Jon Stewart Talks Kanye West, Defends "Good Friend" Dave Chappelle From Antisemitism Claims

While on The Late Show with Stephen Colbert, former Daily Show host Jon Stewart discussed the recent talked of antisemitism in media.

Jon Stewart is standing by "good friend" Dave Chappelle. After Chappelle's controversial appearance on Saturday Night Live, the former Daily Show host visited The Late Show with Stephen Colbert to discuss the recent wave of antisemitism in media. One day after hosting SNL, Chappelle was criticized of "popularizing" antisemitic remarks.

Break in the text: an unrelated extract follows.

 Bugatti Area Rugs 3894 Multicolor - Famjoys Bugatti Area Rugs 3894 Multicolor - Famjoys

“Everybody calls me like, ‘You see Dave on “SNL”?’ And I say yes, we’re very good friends. I always watch and send nice texts,” Stewart said on The Late Show. “‘He normalized antisemitism with the monologue.’ I don’t know if you’ve been on comment sections on most news articles, but it’s pretty normal. It’s incredibly normal. But the one thing I will say is I don’t believe that censorship and penalties are the way to end antisemitism or to gain understanding. I don’t believe in that. It’s the wrong way for us to approach it.”

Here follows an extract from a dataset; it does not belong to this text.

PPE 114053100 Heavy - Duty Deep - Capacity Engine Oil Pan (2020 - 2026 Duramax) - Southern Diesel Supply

Jon Stewart and Chappelle have been longtime friends and collaborators, both starring in 1998 stoner comedy Half Baked and Chappelle presenting Stewart with the coveted Mark Twain Prize for American Humor earlier this year.

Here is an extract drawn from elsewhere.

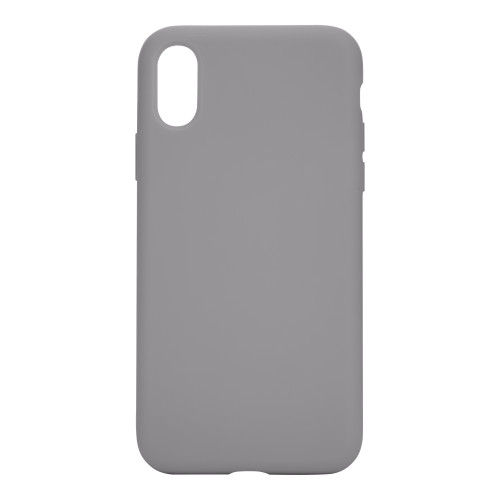 Tactical Velvet Smoothie Pouzdro pro Apple iPhone X / iPhone XS Grey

“Dave said something in the SNL monologue that I thought was constructive, which he says, ‘It shouldn’t be this hard to talk about things,'” Stewart continued. “I’m called antisemitic because I’m against Israel’s treatment of Palestinians. I’m called other things from other people based on other opinions that I have, but those shut down debate… Whether it be comedy or discussion or anything else, if we don’t have the wherewithal to meet each other with what’s reality then how do we move forward? If we all just shut it down, then we retreat to our little corners of misinformation and it metastasizes. The whole point of all this is to not let it metastasize and to get it out in the air and talk about it.”

Also in the discussion, Stewart referenced Brooklyn Nets player Kyrie Irving, who currently faces a team suspension after sharing 2018 documentary Hebrews to Negroes: Wake Up Black America on social media.

“This is a grown ass man. The idea that you would say to him, ‘We’re going to put you in a timeout. You have to sit in the corner and stare at the wall until you no longer believe that the Jews control the international banking system’… We will never gain any kind of understanding with each other,” Stewart said. “Penalizing somebody for having a thought — I don’t think is the way to change their minds or gain understanding.”

Also during his appearance, Stewart brought up the artist formerly known as Kanye West, also defending him from censorship.

“Something Kanye said on his tour — he got interviewed by five different people because the media model is arson and conflict — he said, ‘Hurt people hurt people,'” Stewart said. “I’m afraid that the general tenor of conversation that this country has is ‘Cover it up, bury it, put it to the outskirts and don’t deal with it.’ Look at it from a Black perspective. It’s a culture that feels that its wealth has been extracted by different groups… That’s the feeling in that community, and if you don’t understand where it’s coming from then you can’t deal with it.”